_What to work on_:
Write the listing below out again exactly, dropping the images.

_Data_:
□ □ □ □ □

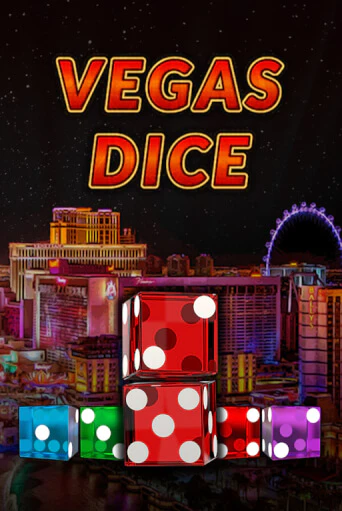 Vegas Dice бесплатно играть онлайн на сайте Гранд Казино Онлайн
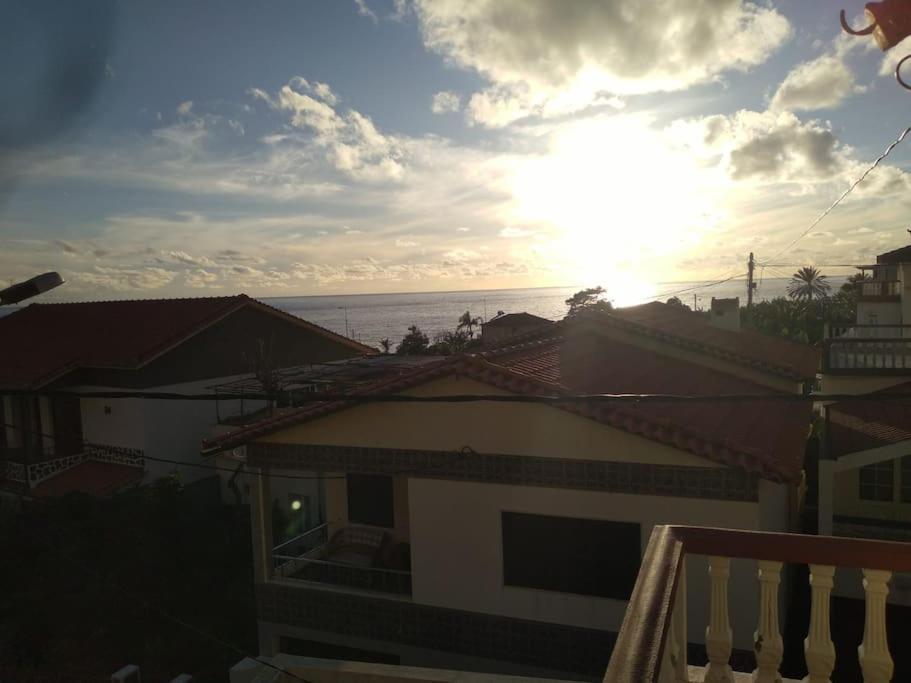 Madalena do Mar Casa Marヴィラ エクステリア 写真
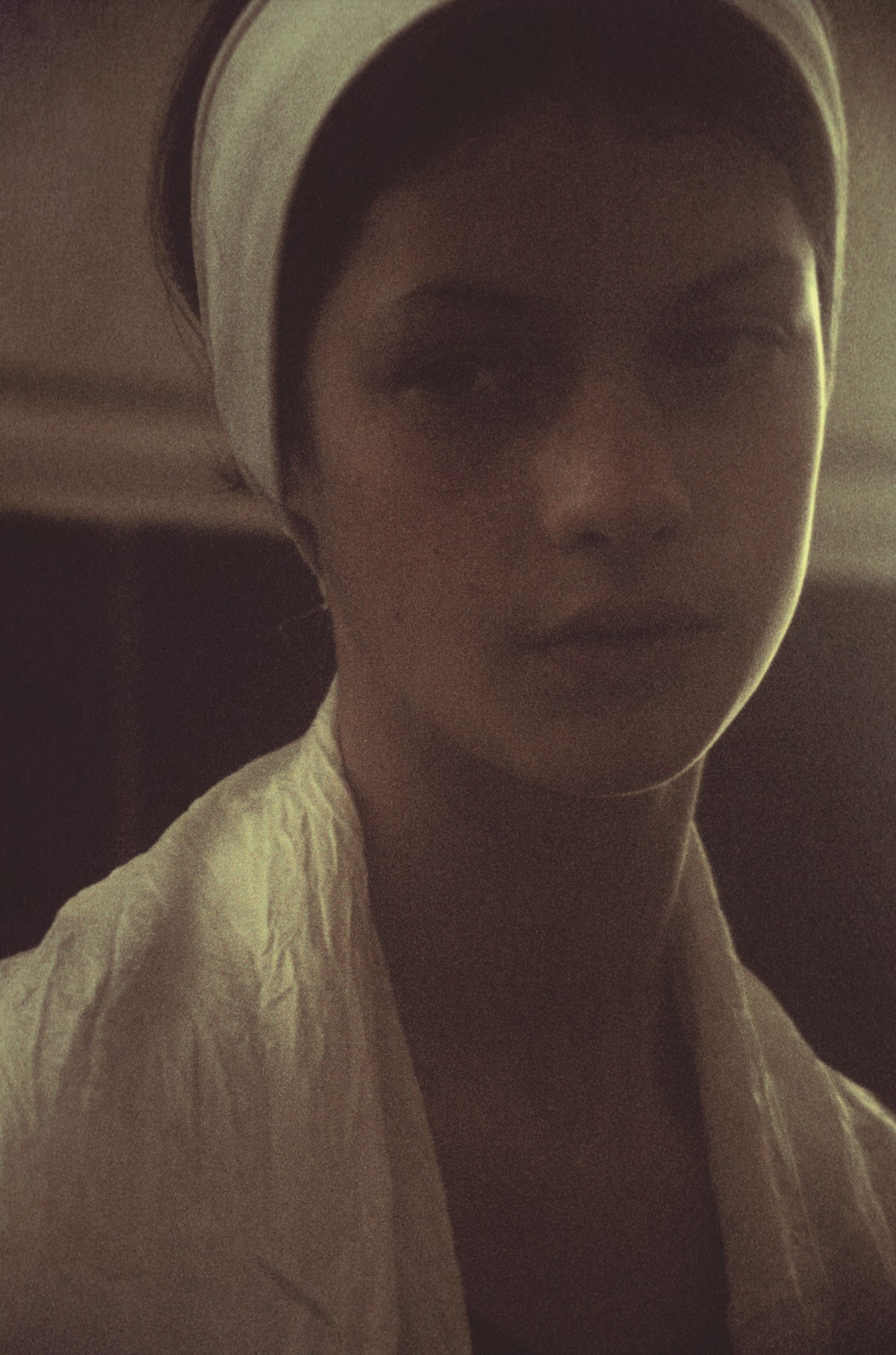 Untitled #65, 1974 by Bill Henson | Ocula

□ □ □ □ □

_Your response_:
 Vegas Dice бесплатно играть онлайн на сайте Гранд Казино Онлайн
 Madalena do Mar Casa Marヴィラ エクステリア 写真
 Untitled #65, 1974 by Bill Henson | Ocula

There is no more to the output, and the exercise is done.